The first anti-corruption commission was set up in Singapore in 1952, followed by Malaysia and Hong Kong, giving Asia the reputation as the “cradle” of anti-corruption
agencies (ACAs). Today there are nearly 150 such entities throughout the world.
ACAs often emerge in a context of corruption scandals. They are formed through broad political consensus and are regarded by most stakeholders as the ultimate response
to corruption. However, they can find themselves at the centre of political controversy if they decide to investigate those in power.
Set of standards and principles on what makes a good anti-corruption commission or agency includes:
- A broad and clear mandate: ACAs should have a clear mandate to tackle corruption through prevention, education, awareness raising, investigation and prosecution.

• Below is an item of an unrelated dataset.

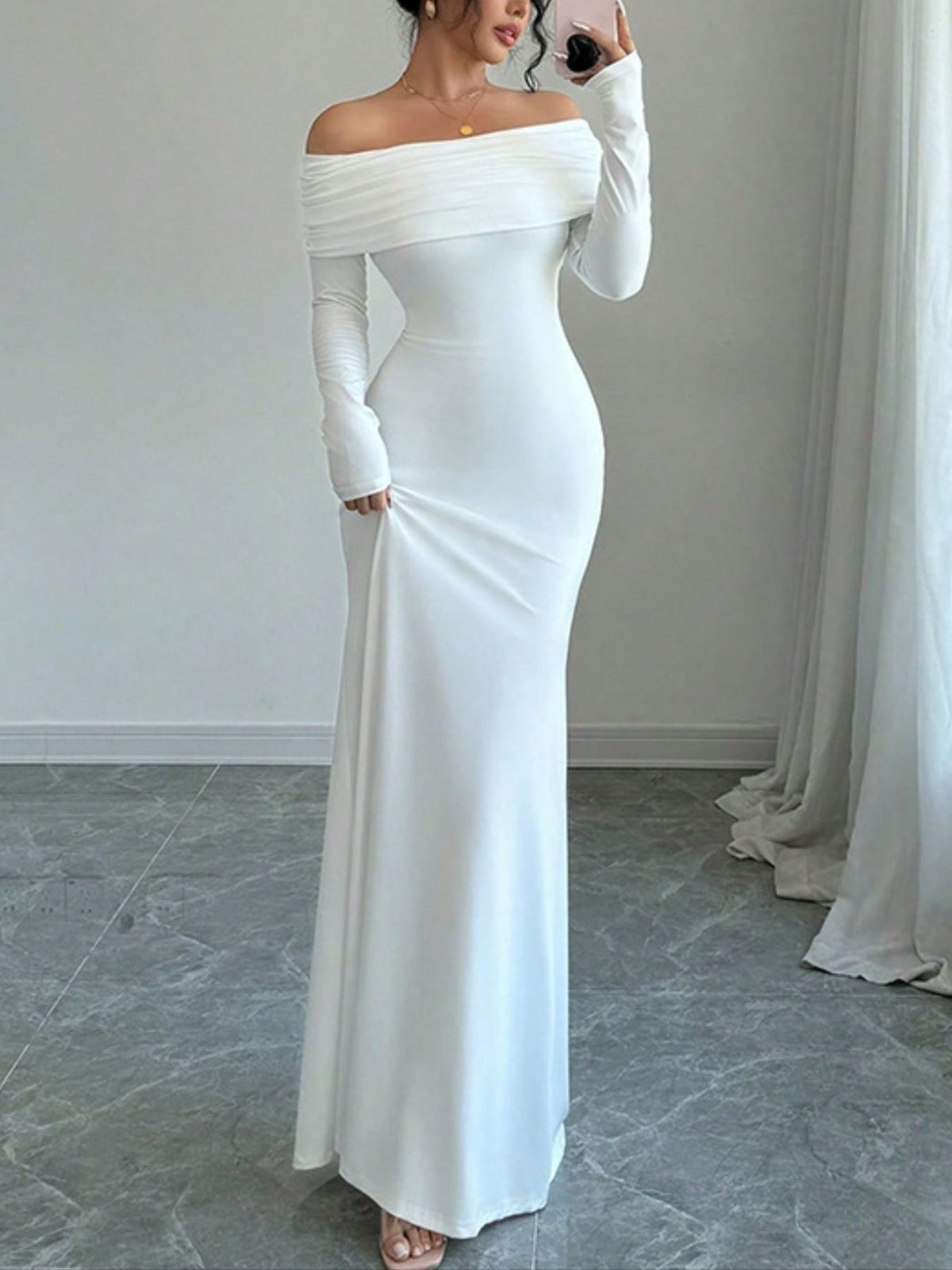 Off-Shoulder Backless Bodycon Maxi Dress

- Legally guaranteed permanence: Anti-corruption commissions
ought to be established by a proper and stable legal framework, such as a constitution or a special law, to ensure the permanence of the institution.
- Neutral appointment of ACA heads: Heads of anti-corruption commissions should be appointed
through a process that ensures their independence, impartiality, neutrality, integrity, apolitical stance and competence.
- Removal of ACA heads and leadership continuity: It is essential for the independence of anti-corruption commissions
that their heads have security of tenure and can only be dismissed through a procedure established by law.
- Ethical conduct and governance: ACAs ought to adopt codes of conduct that set high standards of ethical conduct for their employees
and have a solid compliance regime.
Transparency International supports the creation of ACAs to help in the fight against corruption, and calls on governments to support and protect these institutions to fulfil their mandates by ensuring that
they are given the independence and resources to do their jobs effectively.
During political crises it is important that no side tries to hijack the agenda of the anti-corruption commission and that the work is allowed to continue free from threats
(Primary source of the text: Transparency International).